So Many Bees
Sunday afternoons are perfect for geocaching. Today, my dad and I hiked through a spider-infested forest and then through a mosquito-infested field and into a bee-infested forest to find a cache that was mostly filled with business cards. I signed the log book while my dad rummaged through the junk and found a tiny toy triceratops worth rescuing. (We left behind a Hot Wheels car, so the melting plastic giraffe wouldn't get lonely.)
It's a new adventure every time we head out, and that is hands-down my second-favorite part. I love that we find new parks, new trails, new waterfalls, and new birds and flowers and insects and trees. My heart still skips a beat when I think about the great blue heron that nearly collided with my face on its way out of the river we were crossing. Majestic and thoroughly terrifying. (We also see a lot of bunnies and deer and other critters fit to befriend a Disney princess, so it's not all scary.)
The absolute best part, though, is that I get to go with my dad. I know that sounds monumentally sappy, but the truth is that he and I are both workaholics and hermits. It takes a lot to tear us away from our laptops, even for the sake of family and friends, so this ritual of going outside to walk around in nature and make up silly stories and talk about books—it's near and dear to my heart, and I hope we get to keep doing this for a really long time.
Make Good Choices
Adam and I played through a few hours of Mass Effect 3 today, which is one of those video games that, in the midst of action-packed quests and a wonderful storyline, presents you with a number of choices and then forces you to deal with the consequences. Some of the decisions are easy (yes, I will help you with the quest to save your lost son), but many are less obvious (the mother wants to kill the daughter, and the daughter is a serial killer, so . . . coin toss?). I've chosen to build a character who is rather heartless but loyal to her crew and committed to justice. It's been an interesting role-playing experience, since I occasionally have to set aside my own morals for the sake of making a consistent and strong character. But honestly, my only regret in the entire trilogy is choosing to put up with my in-game boyfriend after he yelled at me for being dead for a while.
Disintegrating
Captain's log, day two. Woke up to the sound of my own crying as I came to realize just how dreadfully old I am now. Fell out of bed and broke every bone in my crippled body. Disintegrated within seconds. This blog post is coming to you from heaven, and yes, the Wi-Fi is fantastic here.

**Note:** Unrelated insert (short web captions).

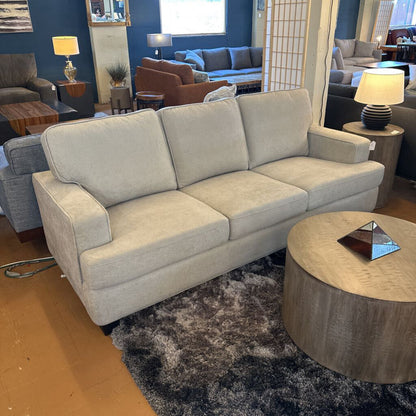 Beige sofa in a living room setting with other furniture and decor.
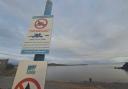 New signs up at Barry beach advising people not to swim due to water quality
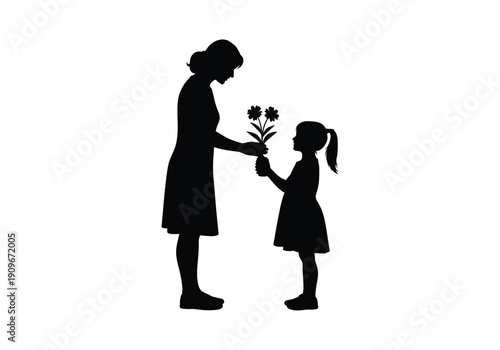 Silhouette of a woman giving flowers to a little girl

"Do you feel older?" was the greeting I received this morning when I made it to the office—not dead, not even a little bit disintegrated. It was followed by many more such inquiries throughout the day because my coworkers are very loving and very excitable and very lacking in things worthy of that love and excitement. Thus, I find myself in need of a diversion. (#Legolas)
Normally, I would just poach an interesting topic from my Twitter feed and find a creative way to make it safe to discuss in a church office environment, but my Twitter feed has been nothing but dead celebrities and Markdown madness this week. I didn't anticipate the Internet letting me down, so I suppose it's convenient that I watched Lucky Number Slevin last night—the ultimate diversion handbook, starring Josh Hartnett and a towel and some really fantastic wallpaper. (No really, you know the wallpaper in a movie is truly stunning when it can draw your attention away from Josh Hartnett. I save at least one swoon for the wallpaper every time I watch the movie.)
Anyway, I guess I need to scrounge up some weapons, a love interest, and Bruce Willis before the weekend is over, so people will stop reminding me of my own mortality.